Dedicated to his wife Eleanor, who passed away recently, Megalopolis is like a stream of ideas, wisdom of old age that Coppola wants to dole out to the world, irrespective of whether it wants to listen to him or not. His intentions are quite well taken and comprehended—the critique of the “insatiable appetite for power of a few men”, for instance. But most of the philosophizing gets downright corny and cringe—“If you pretend to be good world doesn’t take you seriously”, “When you jump into the unknown, you prove yourself free”, “Only two things are difficult to stare at for long, the sun and your own soul”. On top of it all these ideas remain scattered and fragmented, and the film doesn’t manage to knit them into a cohesive whole.

Coppola is obviously disillusioned with the present, is nostalgic for what has gone by and there is an urgent fear in looking ahead at the future. You hear him out for the sheer respect and love that you’d have for your parents or grandparents’ vintage. But most of all because MegaloCoppolis, as I prefer to call it, is a cautionary tale with a well-intentioned message: “When people no longer believe in it, then an empire begins to die”. This line was my only take away from the film.

Speaking of senior citizen legends in Cannes this year, there’s also 77-year-old Paul Schrader’s Oh Canada in which he reunites with his American Gigolo star Richard Gere.

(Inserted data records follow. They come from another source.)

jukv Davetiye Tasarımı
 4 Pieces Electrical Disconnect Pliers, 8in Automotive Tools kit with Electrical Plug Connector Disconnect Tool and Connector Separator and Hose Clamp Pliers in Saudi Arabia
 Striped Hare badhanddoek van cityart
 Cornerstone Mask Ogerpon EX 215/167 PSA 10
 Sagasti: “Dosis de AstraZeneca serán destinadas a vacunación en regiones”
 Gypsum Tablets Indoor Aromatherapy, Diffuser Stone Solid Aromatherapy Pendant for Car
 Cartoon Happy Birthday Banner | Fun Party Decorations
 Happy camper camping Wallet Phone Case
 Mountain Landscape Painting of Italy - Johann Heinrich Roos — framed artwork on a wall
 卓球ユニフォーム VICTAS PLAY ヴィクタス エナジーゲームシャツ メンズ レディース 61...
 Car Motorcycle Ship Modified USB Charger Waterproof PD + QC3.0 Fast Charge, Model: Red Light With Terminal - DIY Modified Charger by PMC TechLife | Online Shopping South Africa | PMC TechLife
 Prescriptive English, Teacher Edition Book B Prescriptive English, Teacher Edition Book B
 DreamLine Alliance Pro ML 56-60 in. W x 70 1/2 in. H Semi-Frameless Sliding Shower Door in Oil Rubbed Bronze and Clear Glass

Adapted from a novel by Russell Banks, it is as incohesive if not more as Megalopolis. About a filmmaker Leonard (Gere) on his deathbed, sharing his life, memories, secrets and confidences on film with one of his students, and in the presence of his wife Emma (Uma Thurman), it aims to ground the eternal disjunct between the man and the artiste, his life as opposed to the art. There is the added layer of being an immigrant in Canada. But all of it gets treated in too broad and basic a manner, while the high voltage stars seem curiously inert and disinterested. An emotionally parched film that leaves one utterly unmoved.